In the course of the work, the interpolation and decimation process for a single pulse was implemented. The initial impulse was set by the vector impulse = [1.0; zeros(100)] which was then convoluted with the filter coefficients coef to generate the transmitted signal tx_signal.

On the receiving side, the reverse operation was performed — convolution of the received signal with the same coefficients, which gave the reconstructed signal. rx_signal. Visualization of the results — plotting the initial pulse, interpolated and decimated signals — showed their high similarity, which confirmed the correctness of the algorithm implementation.

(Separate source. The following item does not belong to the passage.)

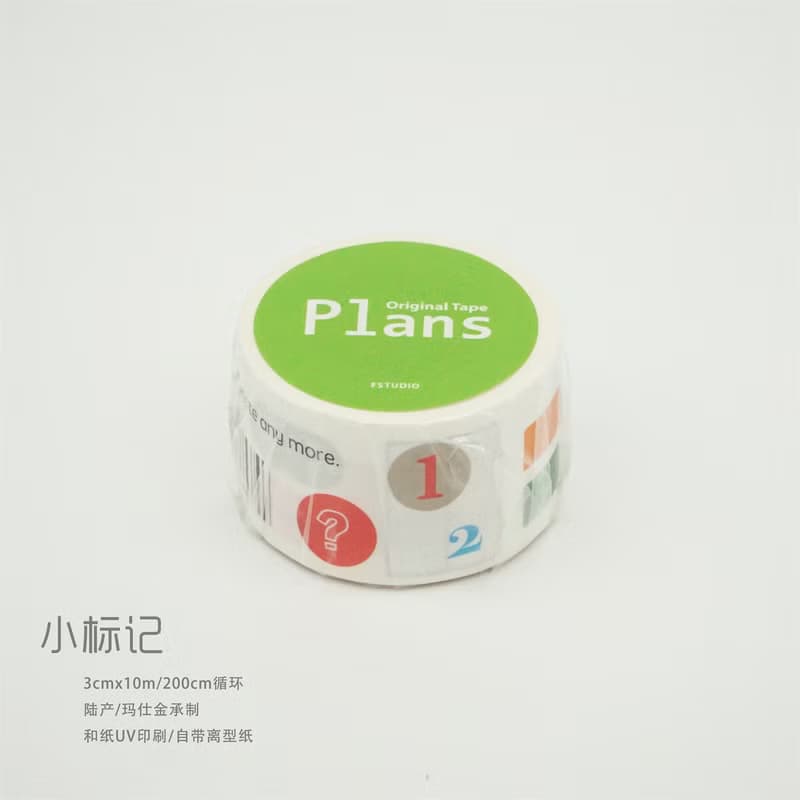 小標記  和紙 PET 紙膠帶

impulse = [1.0; zeros(100)]
tx_signal = DSP.conv(impulse, coef)
rx_signal = DSP.conv(tx_signal, coef)

plot(impulse)
plot!(tx_signal)
plot!(rx_signal)

A similar procedure was successfully reproduced in the model using the algorithms implemented by us for validations, which additionally verified the correctness of the approach. The resulting model is a ready-made solution suitable for generating code in the Verilog language.

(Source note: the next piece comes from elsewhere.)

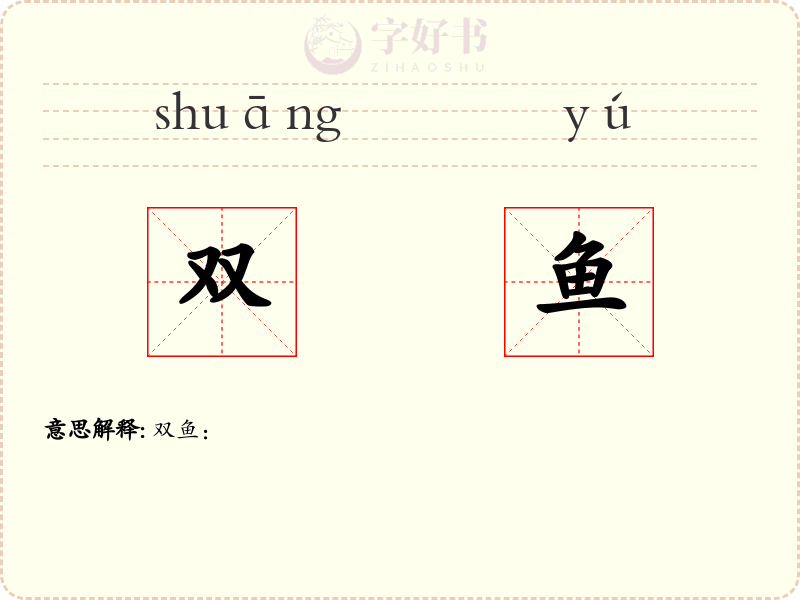 双鱼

# Defining the current directory
current_dir = @__DIR__
# Displaying the folder structure
println("Folder structure in the directory: $current_dir")
println()
for (root, dirs, files) in walkdir(current_dir)
    for dir in dirs
        if startswith(dir, "one_impulse_Nyquist_filter")
            println("$dir/")
            dir_path = joinpath(root, dir)
            for file in readdir(dir_path)
                println("  └── $file")
            end
            println()
        end
    end
end

Структура папок в директории: /user/my_projects/Demo/FIR_gen_fi

one_impulse_Nyquist_filter_RX_code/
  └── Delay_40.v
  └── fir_liner_1.v
  └── one_impulse_Nyquist_filter_RX.v

one_impulse_Nyquist_filter_TX_code/
  └── Delay_40.v
  └── fir_liner_1.v
  └── one_impulse_Nyquist_filter_TX.v

The generated Verilog code is a hardware implementation of Nyquist transmitting (TX) and receiving (RX) filters for pulse signal processing. Main components:

Top-level modules (one_impulse_Nyquist_filter_TX/RX.v):
- Manage data synchronization and validation
- Contain a finite state machine for data flow control
- Integrate FIR filter and delay unit
- Both filters use the same processing cores (FIR and Delay), but they differ in control logic and activation conditions.
FIR filter (fir_liner_1.v):
- Implements a linear FIR filter (41 coefficients)
- Uses fixed coefficients to generate an impulse response

Processes signed 16-bit data

Delay unit (Delay_40.v):
- Implements a chain of 40 delay registers
- Synchronizes a valid signal with a filtering delay
- Provides temporary data reconciliation

Conclusion

The simulation confirmed the correctness of the pulse processing implementation. The similarity of the results obtained in the mathematical environment and the hardware model proves the correctness of the algorithm and the accuracy of the selected filter coefficients.

The successfully generated hardware code represents full-fledged transmitting and receiving modules. They are built on a common filter core and differ only in control logic, which ensures energy efficiency of transmission and continuity of reception. The code is modular and ready for synthesis for implementation on the target digital platform.